It seems as we are approaching next weeks public release of the Windows 8 Consumer Preview the pace of posts from the Building Windows 8 Blog is increasing.

In the Using the language you want post that went live during the night Steven Sinofsky introduces it, like he has all the other posts on that blog, and says that this change was meant to allow anyone, anywhere to see the display language they chose.

Since its introduction in Windows 2000, Multilingual User Interface technology, or MUI, has allowed customers to install additional display languages on their Windows PCs and to switch between them. But for the majority of users, the language you got when you booted up your Windows PC for the first time was likely the one you were stuck with. For Windows 8, we have reimagined the display language experience, focusing on making additional display languages available to all Windows users, making them super easy to find and install, and allowing users to switch between them. This blog entry unveils the changes we’ve been making in Windows to achieve this.

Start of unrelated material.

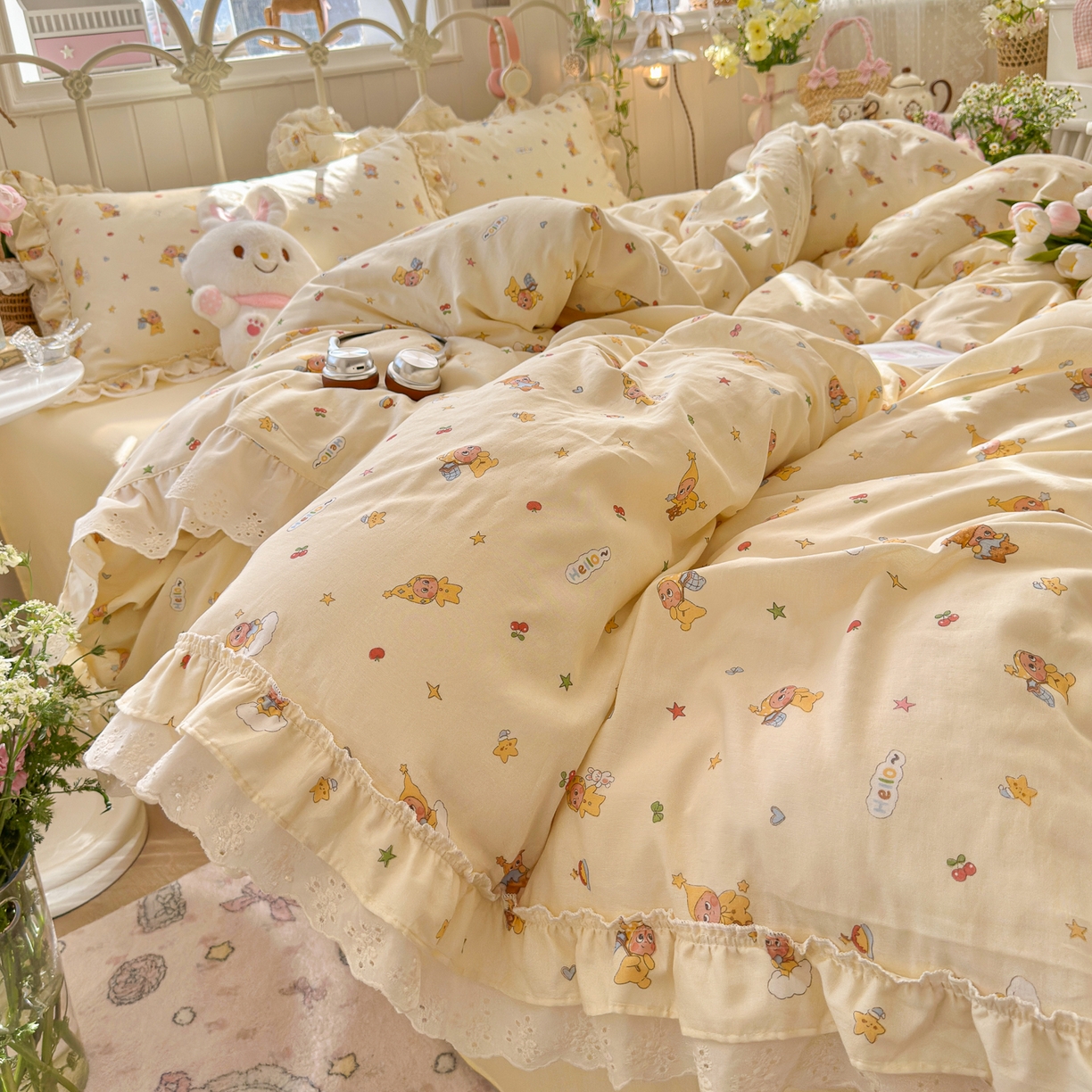 91家纺网 家纺一手货源 找家纺 锦彩家居 2026新款A类全棉双层纱韩式花边款小清新三件套四件套INS小红书博主风-晚茶与夏系列（提供买家秀） 幸运星星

Highlights of some of the improvements that Windows 8 will have relating to display languages from the past are:

  • New and easier way to get languages – a new Control panel applet is a one stop shop for all things relating to languages.  From downloading them or choosing them for use, this applet centralizes previously different resources for downloading languages in the OS.
  • More languages – Windows 8 will add 14 additional display languages to bring the total available to 109 languages compared to the 95 that are currently available for Windows 7. They are also adding 13 new Language Interface packs or LIPs.  These are installed on top of the display language you use to localize the user interface elements for the most commonly used Windows features.

They estimate that these additional languages means that over 4.5 billion people will be able to use Windows in their own language.

According to the blog post by Ian Hamilton, a Program Manager on the Windows International Team, this is not the end of efforts to improve languages in Windows.  He indicates a future blog post will explain changes made to text entry, locale support and other areas of Windows 8 relating to Display Languages and LIPs.